*ABOUT THIS TASK*.
Check each line of the listing below for the word "Black" and say how many lines have it. Nothing else should be written.

*DATA EXTRACTS*.
· · · ·
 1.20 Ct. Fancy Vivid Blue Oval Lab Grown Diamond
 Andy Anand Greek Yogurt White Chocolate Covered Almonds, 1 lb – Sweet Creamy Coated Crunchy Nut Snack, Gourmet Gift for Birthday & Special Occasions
· · · ·
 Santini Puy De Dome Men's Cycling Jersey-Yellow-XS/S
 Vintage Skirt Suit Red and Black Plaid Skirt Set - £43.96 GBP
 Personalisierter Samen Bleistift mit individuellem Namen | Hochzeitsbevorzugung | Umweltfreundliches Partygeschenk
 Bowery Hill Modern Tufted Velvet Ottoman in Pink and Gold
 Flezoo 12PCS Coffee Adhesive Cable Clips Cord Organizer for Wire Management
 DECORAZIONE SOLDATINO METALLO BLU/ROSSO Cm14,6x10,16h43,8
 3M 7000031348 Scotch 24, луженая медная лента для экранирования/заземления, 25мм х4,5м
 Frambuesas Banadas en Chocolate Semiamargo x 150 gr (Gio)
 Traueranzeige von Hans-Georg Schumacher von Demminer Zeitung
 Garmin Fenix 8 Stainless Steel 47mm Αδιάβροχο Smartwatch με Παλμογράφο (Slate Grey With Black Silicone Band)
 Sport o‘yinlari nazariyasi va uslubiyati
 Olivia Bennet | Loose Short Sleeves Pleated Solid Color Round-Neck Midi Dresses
· · · ·
*EXERCISE OUTPUT*.
2